Each country had its own byzantine regulations, and its own interests, to consider. The European Commission had to consult the European Union’s 27 member countries, especially tech powers like Germany, France, the Netherlands and Finland, on which products could be cut off. Officials debated whether to crack down on the Russian oil industry, at a time of soaring gas prices and inflation.

As Russia’s neighbors, the Europeans wanted to ensure that Russia still had access to certain goods for public safety, like nuclear reactor components to avoid a Chernobyl-style meltdown. At least one country insisted that auto exports to Russia should continue, a senior administration official said.

The breakthrough came when American officials offered a compromise. The Biden administration planned to issue a rule that would bar companies anywhere around the world from exporting certain products to Russia if they were made using American technology. But those measures would not apply in countries that joined the United States and Europe in issuing their own technological restrictions on Russia.

In an interview, Mr. Borman said that American allies had historically been concerned with the extraterritorial reach of U.S. export controls, and that the exclusions for countries that imposed their own rules “was really the key piece.”

“We all realized that at a strategic level what was most important was to have a unified allied position,” he said.

The rules now prevent companies around the world from sending Russia high-tech goods like chips, telecommunications items and navigation equipment. They are even tougher for certain entities with ties to the Russian military, which cannot import so much as a pencil or toothbrush.

Ms. Raimondo said the impact of the measures were likely to be felt for months, rather than weeks, as Russian tanks and aircraft were destroyed and the controls prevented the Russian military from obtaining materials to fix them.
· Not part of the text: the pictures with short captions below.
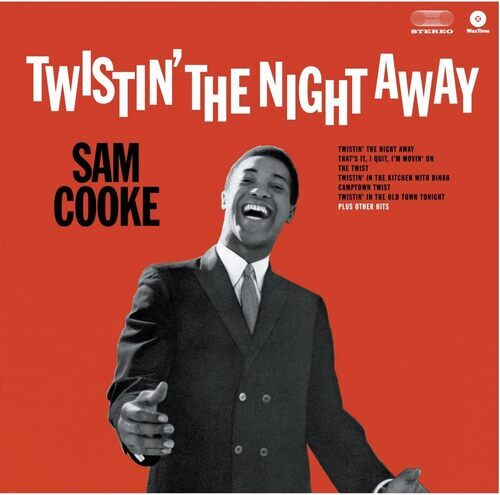 Sam cooke twistin the night - sam,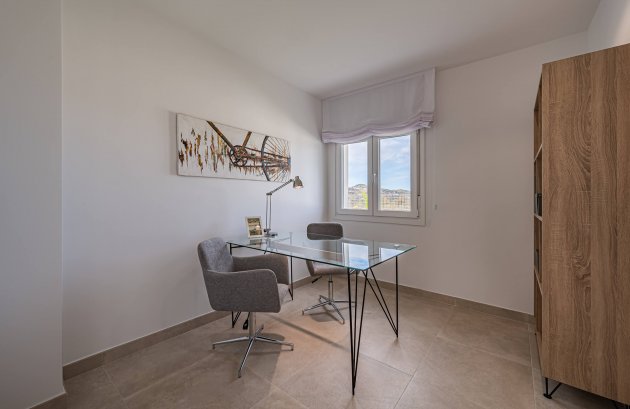 Nieuwbouw  - Villa -
Viñuela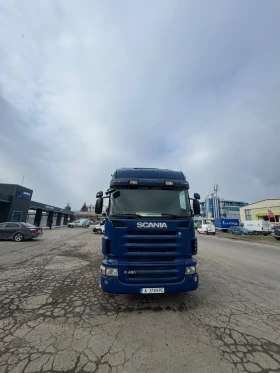 Scania R 420, снимка 2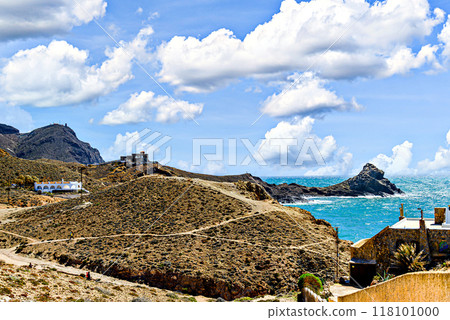 coast, landscape, ocean 118101000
Over time, she said, the restrictions should prove “very disabling to their military.”

While some companies may want to continue supplying parts to Russia in violation of those rules, there are powerful incentives against doing so, U.S. officials said, including the detention of goods, fines and even jail time.

The Commerce Department has 130 federal agents working in 30 cities in the United States to check for violators, as well as nine employees overseas. It expects to add personnel in Europe and Asia to carry out more expansive checks, officials said.

Kevin Wolf, an international trade partner at Akin Gump and a former Commerce Department official, said carrying out the policy was likely to be “extraordinarily complex” but would immediately alter company behavior.

“Even if they’re not perfect, I still think you will see a significant reaction by multinationals to do everything they can to comply,” Mr. Wolf said.

“Just because people speed doesn’t mean you don’t have a speeding limit,” he added.

One potential focus is China, which has expressed a worrying allegiance with Russia. But Chinese leaders have also hinted that they will comply with the sanctions to protect their own economic interests.

Ms. Raimondo has warned that the United States could take “devastating” action against Chinese companies that violate the policy, cutting them off from the U.S. technology and equipment necessary to make their products.

“They have their own self-interest to not supply this stuff to Russia,” she said.

On Monday, Jake Sullivan, the national security adviser, met with a Chinese foreign affairs official, Yang Jiechi, in Rome to discuss reports that Russia had asked China for economic and military assistance for its war in Ukraine.

China has denied those reports. Jen Psaki, the White House press secretary, said Monday that she was not able to confirm any intelligence, but that Mr. Sullivan had conveyed that if China provided military or other assistance that violated sanctions or supported the war effort “there will be significant consequences.”

“But in terms of what the specifics look like, we would coordinate with our partners and allies to make that determination,” she added.